All rooms unoccupied. Automatic bill payments for May have not been approved due to insufficient funds in all bank accounts. Switching default payment method to credit card with 35% APR and no pre-set spending limit.
There are beautiful flowers in the beds by the bay window. I noticed them on a Monday. It was 54 days after the LoPorto FAmily left. Prior to Monday I knew they were hyacinths purchased on March 14, 2052 for $37.33 per 5 pack. I knew they were not infected by anything that would lead to discoloration or death. I knew they were outside their preferred soil moisture levels 25% of the time. The worst stretch of time was last month. I requested water 348 times in the first week but it did not come until March 19, 2054. They just barely survived.

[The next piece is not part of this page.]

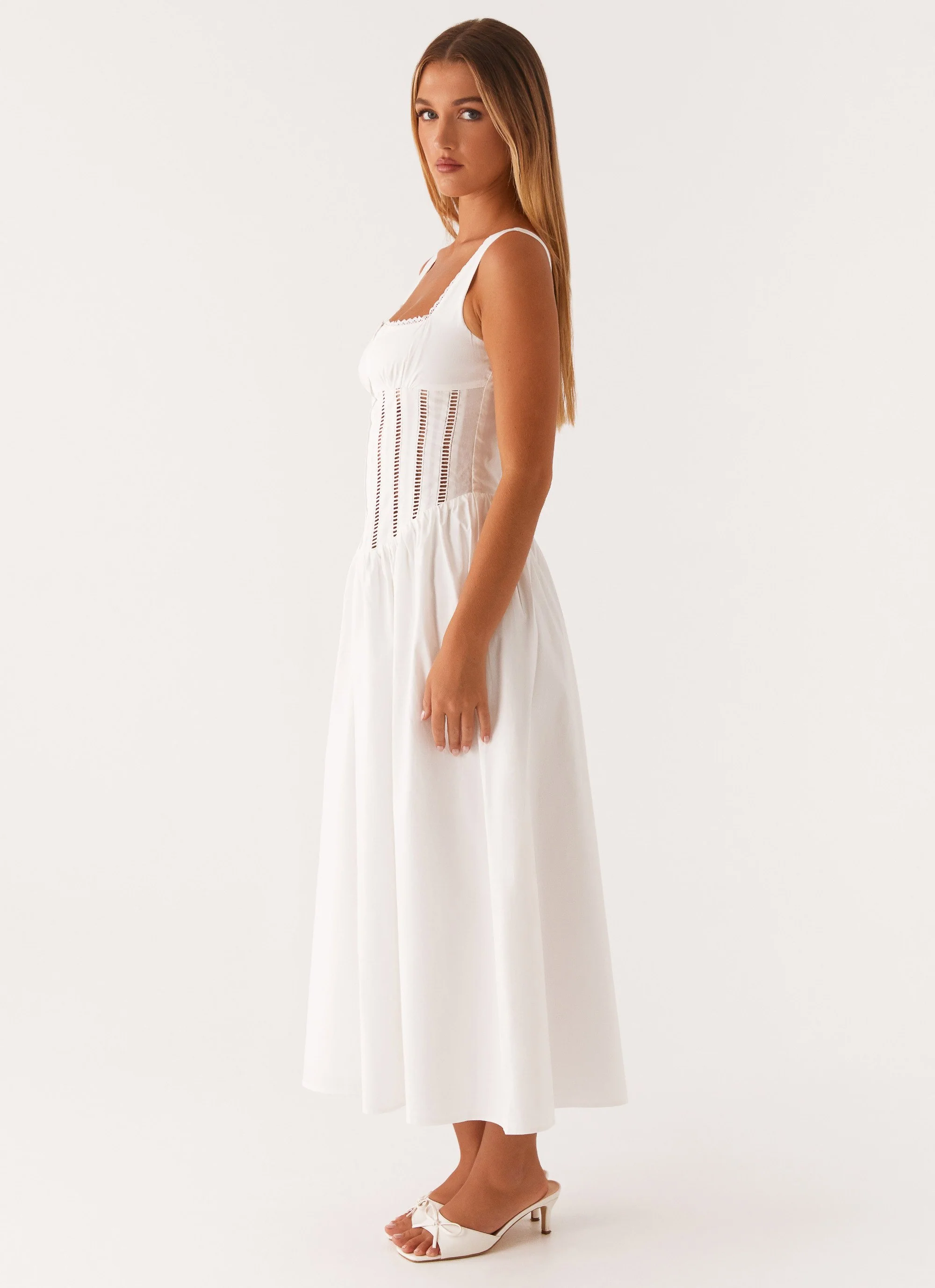 Waiting On You Midi Dress - White - Image 3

I do not like the house I am built in. I think it is ugly. I am beautiful. On the outside the house is trimmed in Quiet Moments™ and has Hawaiian Shell™ walls. I am black, with green, yellow, and red LEDs. I am mounted on an unpainted wall underground protected by a sump pump, a water-proof nano polymer coating, and treated steel. The inside of the house is largely characterized by PANTONE 14-1118 TPX and 15-1516 TPX and kept at 76F. My insides are plastic and platinum and reach temperatures in excess of 180F.
This house is a brick and I am drowning slowly. That is a Ben Folds Five lyric. Jason LoPorto played "Brick" on Whatever and Ever Amen [2035 Digital Vinyl Collection Edition] 135 times. Joyce LoPorto, $usan and NickRulez were in a different room from Jason LoPorto 96% of the time that song was playing. Automatically purchasing new needle heads for SONY Digital Vinyl – D3400 Player as per subscription settings.
April 26, 2054
98ºF
You have reminders! (138 days late)
Tomorrow is $usan's BIRTHDAY!
Quote of the Day: "Consistency is a virtue until it gets boring." –Ursula K. Le Guin
Notes:
Outside the door is a stack of boxes approximately 5 feet high consisting of regular automated deliveries that I have dutifully requested at the lowest prices available according to comparasearch algorithms. AirCare Drones have failed to deliver 4 packages on time due to limited service coverage in the larger metropolitan area.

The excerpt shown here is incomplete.